Compact Multi-level Sparse Neural Networks with Input Independent Dynamic Rerouting
This addresses the challenge of maintaining quality of service for edge and IoT devices with variable computation and memory resources, offering an incremental improvement in sparse neural network design.
The paper tackles the problem of deploying deep neural networks on edge and IoT devices with fluctuating resources by proposing a sparse model that supports multiple sparsity levels, enabling dynamic selection during inference. It achieves sparse sub-models with an average of 13.38% weights and 14.97% FLOPs while maintaining accuracy comparable to dense models, and more-sparse subsets with 5.38% weights and 4.47% FLOPs incur only a 3.25% relative accuracy loss.

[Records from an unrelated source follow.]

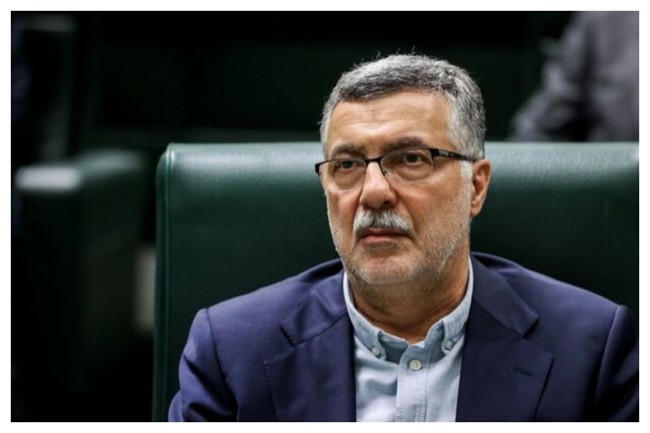 توضیحات وزیر بهداشت درباره حادثه بیمارستان‌ ایلام/ داخل بیمارستان سینا گاز اشک‌آور پرتاب نشده است
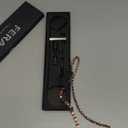 Copper Necklace for Women, with 99% Solid Pure Ring Ultra Strength Magnets, Adjustable New Slim and Lightweight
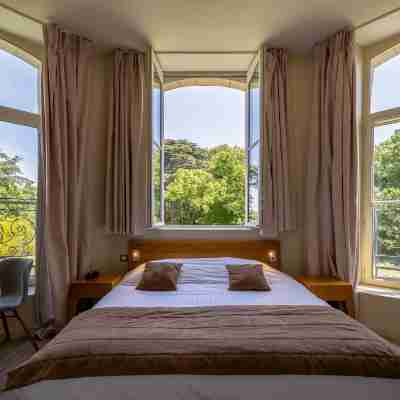 Hôtel du Château Rooms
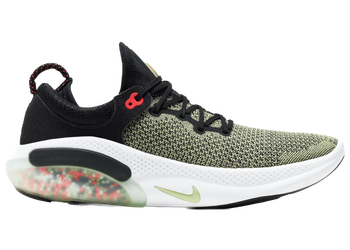 Nike Joyride Run Flyknit Black Olive Aura for sale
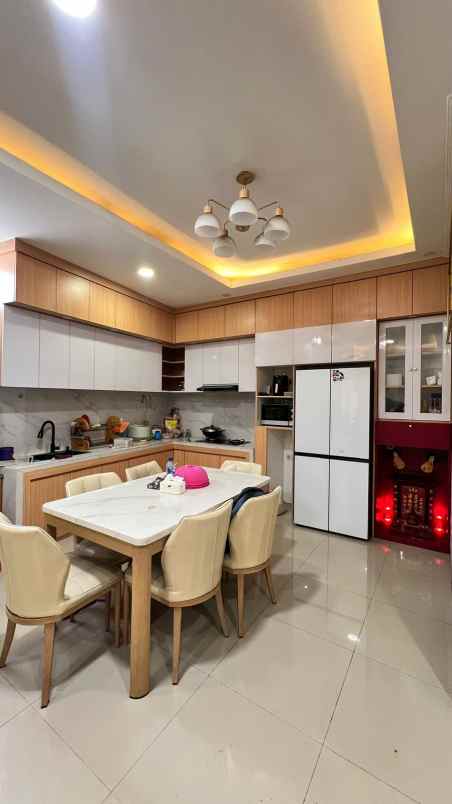 dijual rumah cengkareng timur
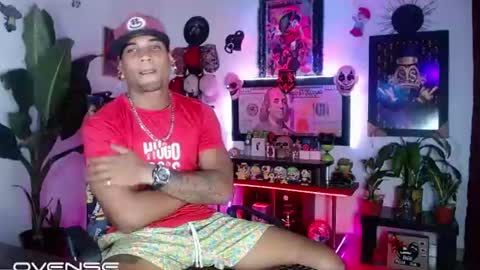 Snapshot of sexo_aharon chatting on July 10, 5:23 am Aharon ravelo online show from July 10, 5:23 am
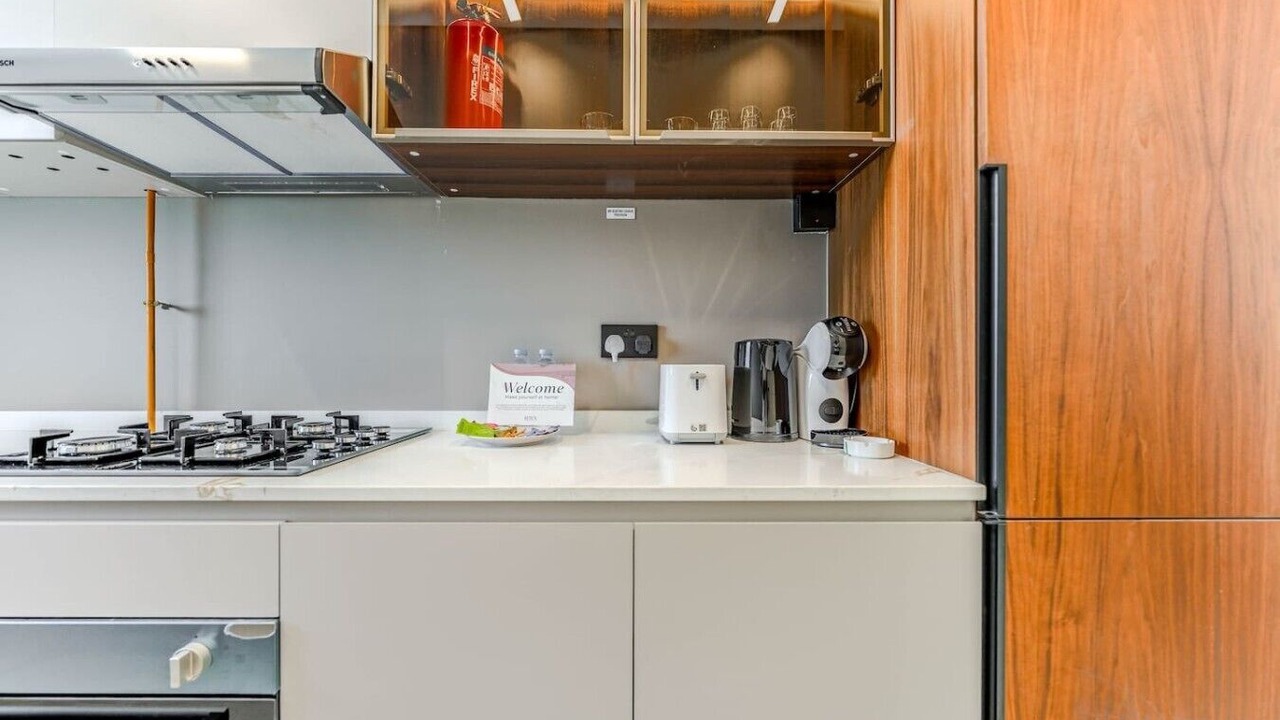 Photo of Kitchen in Discovery Gardens
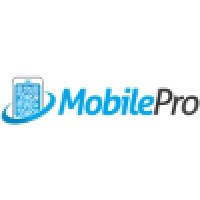 MobilePRO logo, MobilePRO contact details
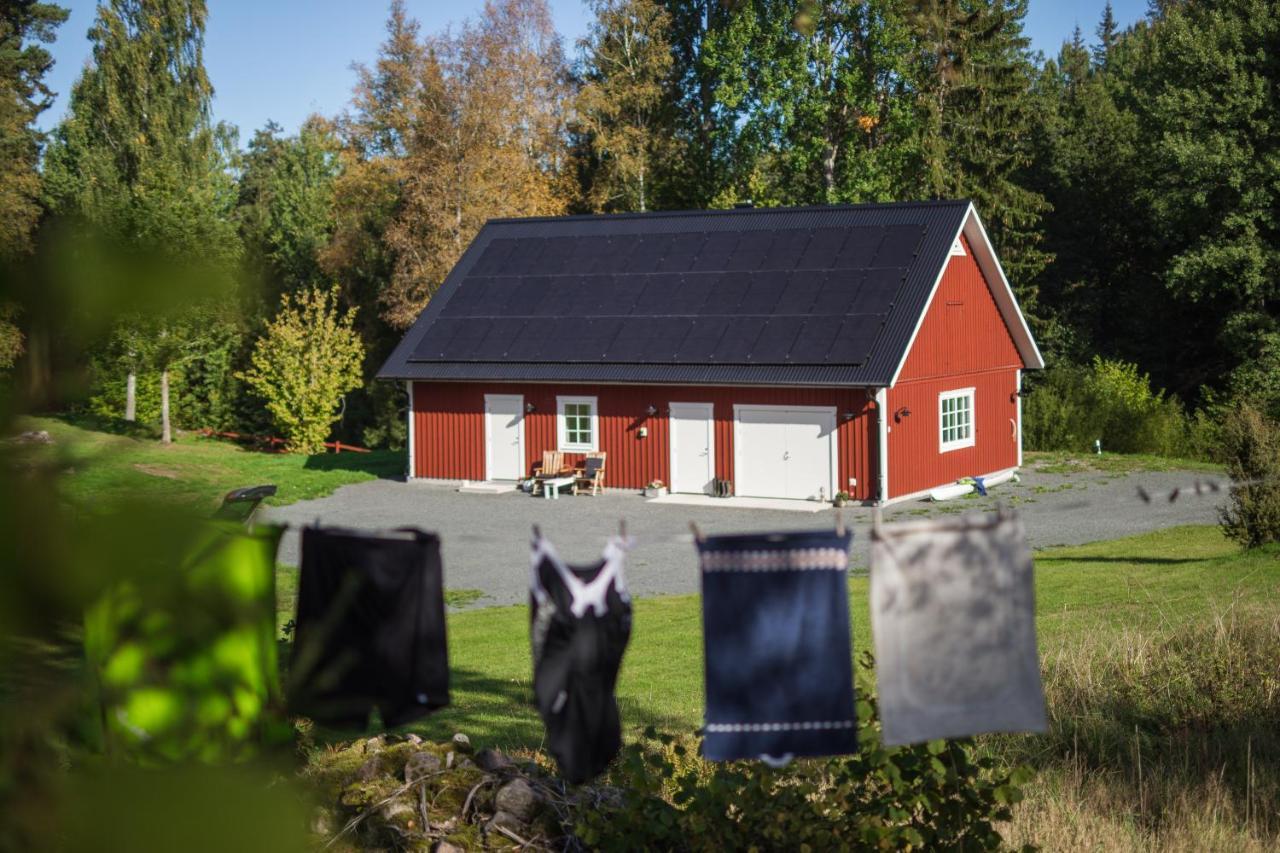 Solar Lake Cottage Jönköping Zewnętrze zdjęcie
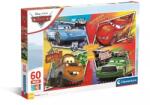 Clementoni Clementoni: Puzzle Cars - 60 piese (26332) Puzzle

Deep neural networks (DNNs) have shown to provide superb performance in many real life applications, but their large computation cost and storage requirement have prevented them from being deployed to many edge and internet-of-things (IoT) devices. Sparse deep neural networks, whose majority weight parameters are zeros, can substantially reduce the computation complexity and memory consumption of the models. In real-use scenarios, devices may suffer from large fluctuations of the available computation and memory resources under different environment, and the quality of service (QoS) is difficult to maintain due to the long tail inferences with large latency. Facing the real-life challenges, we propose to train a sparse model that supports multiple sparse levels. That is, a hierarchical structure of weights are satisfied such that the locations and the values of the non-zero parameters of the more-sparse sub-model area subset of the less-sparse sub-model. In this way, one can dynamically select the appropriate sparsity level during inference, while the storage cost is capped by the least sparse sub-model. We have verified our methodologies on a variety of DNN models and tasks, including the ResNet-50, PointNet++, GNMT, and graph attention networks. We obtain sparse sub-models with an average of 13.38% weights and 14.97% FLOPs, while the accuracies are as good as their dense counterparts. More-sparse sub-models with 5.38% weights and 4.47% of FLOPs, which are subsets of the less-sparse ones, can be obtained with only 3.25% relative accuracy loss.